CAPE CANAVERAL AiIR FORCE STATION, Fla. -- What went down Jan. 26, 2006 went back up Feb. 28 as workers reattached the lamp room, roof and light to the top of the Cape Canaveral Lighthouse. 

"This marks the symbolic end of our lighthouse renovation project," said Robert Elliott, 45th Space Wing project officer. "Significant structural failures were found and fixed. The root issue was old rust in joint connections that had not been repaired in over 100 years."

Fractured portions of the lamp room and lower balcony assembly were re-fabricated. The entire base of the lighthouse was re-painted and cracks were filled with specialized epoxy designed to prevent future "bughole" development.
"Every square inch of the lighthouse's surface area was treated at least eight times," said Mr. Elliott. "This new coating is expected to retard corrosion and last 50 years."

In the small crowd of onlookers watching as the lighthouse was topped off was Jeffrey Honeywell, a descendant of Clinton P. Honeywell, lighthouse keeper from 1904-1930.

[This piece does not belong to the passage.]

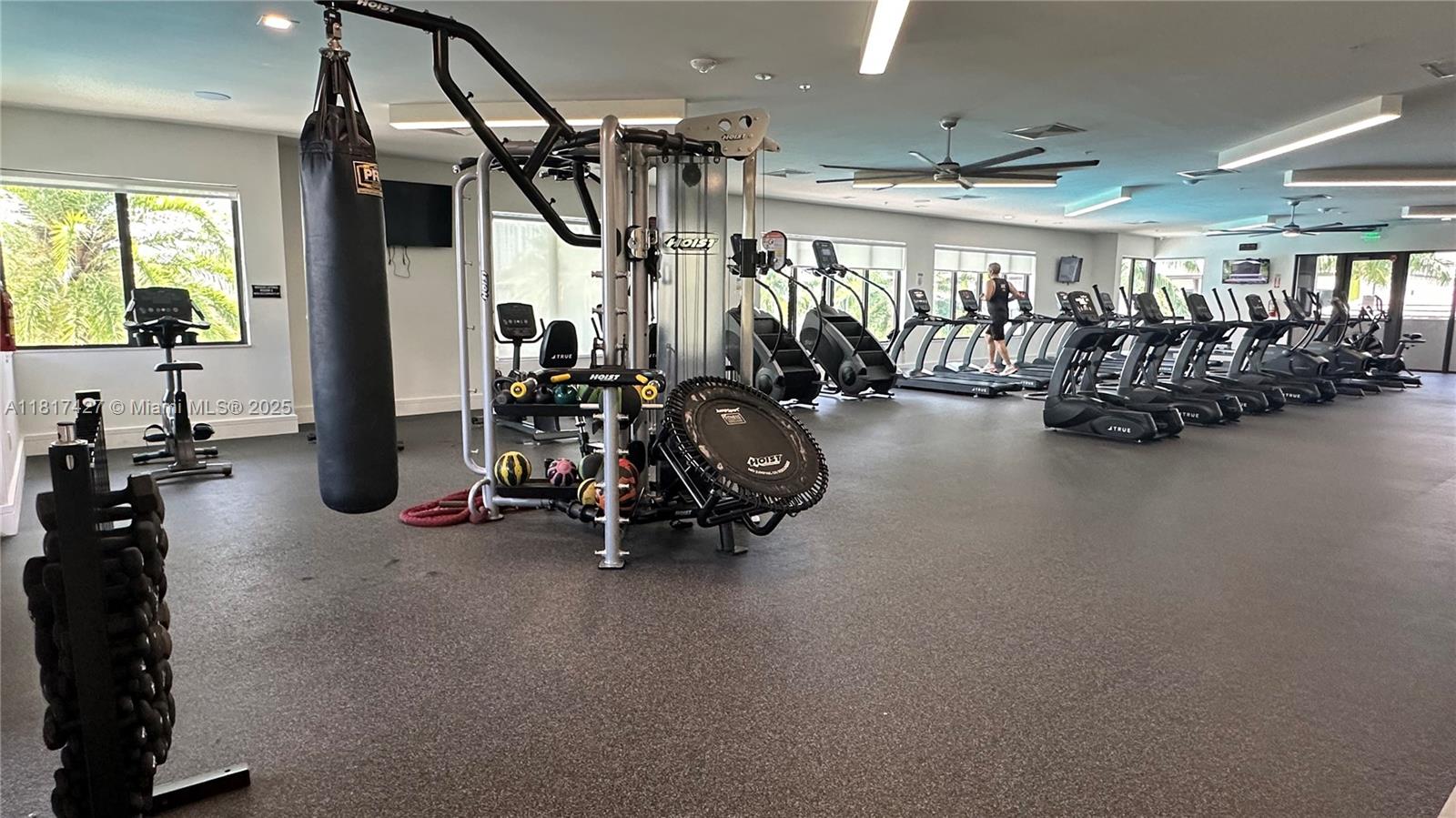 8001 NW 41st St #F-307 Doral, FL 33166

"I'm very excited because of my family's connections to this landmark. It's a national treasure," he said. "It's great that the Air Force renovated it. This will allow future generations to see this lighthouse."
 
The Cape Canaveral Lighthouse was erected at its present location in 1894, but was initially built at another site in 1868, replacing a 60-foot tower built in 1847, according to a history written by Roy D. Honeywell., Because of shore erosion, the new lighthouse was dismantled and moved inland several hundred yards to its current site.
 
The Cape Canaveral Lighthouse is still used as a navigation aid and is the only operational lighthouse on an Air Force installation. While the Air Force owns the structure, the Coast Guard operates the light, which is expected to be re-lit after renovation work concludes sometime this spring.